# Hydronic Heating Systems - (cement floor heating)



## Dusty (Nov 1, 2021)

Simple questions as it relates to cement floor heating systems, there may be a member out there with such an animal, and no I'm not going to install one.

1. Are they efficient with or without ceiling fans?
2. Do ceiling fans help more especially during our western cold winters?
3. Do they help reduce the amount of moisture in damp like climates?


----------



## DPittman (Nov 1, 2021)

Well I don't have in floor heating myself but I'm going to open my pie hole anyhow....I do have family members that have that style of heating both in domestic and shop situations.

Ceiling fans help circulate hot air from above no matter what style of heating system is in place.  Hot air naturally rises, and because of that fact the in-floor heating is in an ideal spot to make use of that natural phenomenon.

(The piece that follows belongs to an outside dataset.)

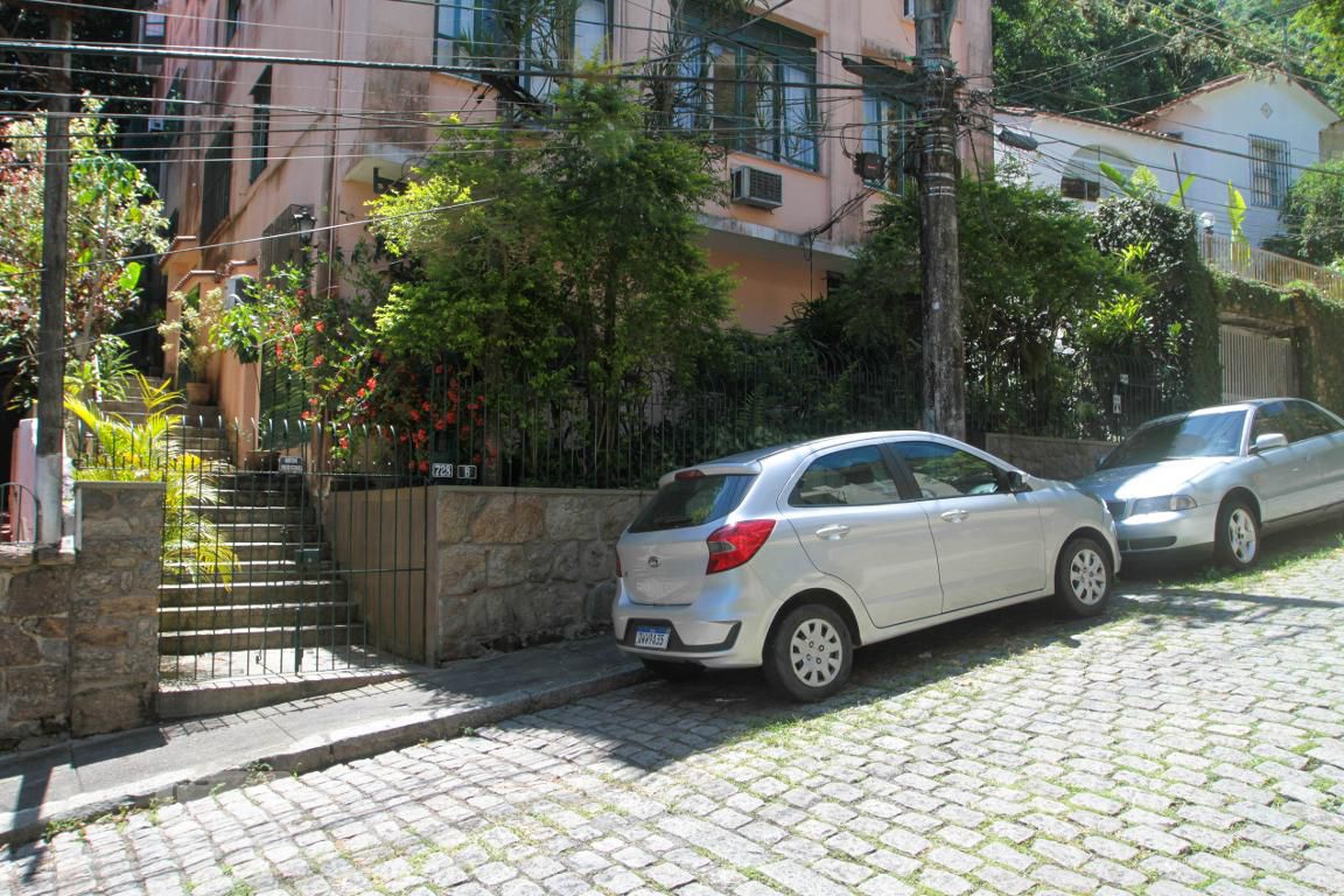 Entrada do Prédio - Nenhum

I can not see how in floor heating would affect air moisture content any different than say water register style heating.   If the excess moisture is coming from inside then that is a problem that can/needs to be fixed.  If the excess moisture is coming from outside then dehumidifiers inside I believe are the most common solution.  Any sort of flame combustion will take up air moisture with it.  My natural gas furnace emits water vapor in the exhaust that freezes at the chimney exit.  In my climate when we are heating our homes the air is usually pretty dry.  The colder it is outside the dryer the air.  (There was a real good explanation on this forum somewhere about relative humidity) .  
I suspect your temperate climate has significant outdoor relative humidity all year and thus when it is cold/cool outside it makes it feel so much colder and damp.


----------



## Brent H (Nov 1, 2021)

Hi @Dusty : I have installed and have several in floor heating systems- my shop is in floor heating. 

1. Yes, absolutely- no fan required and really not advised as you want the heat at the floor in your work space - not up and away.  

Design is that you keep the heat low and about head height.  You are warm and tools are warm.  Fans ruin that dynamic. 

2.  Should not need a ceiling fan at all.  Use of one will push and cycle heat up and out of the comfort zone. 

3. Radiant heat “theoretically” will not  dry things out or change the humidity  , however, keeping the shop warm and the floor warm, will help to drive moisture out as the moisture will evaporate.  Proper venting to allow the moisture to exit is needed.  

If there are plans to heat the floor that is routinely wet - not going to help 


Radiant floor in my shop will keep ambient temps at 65° F and humidity around 35% in the winter.  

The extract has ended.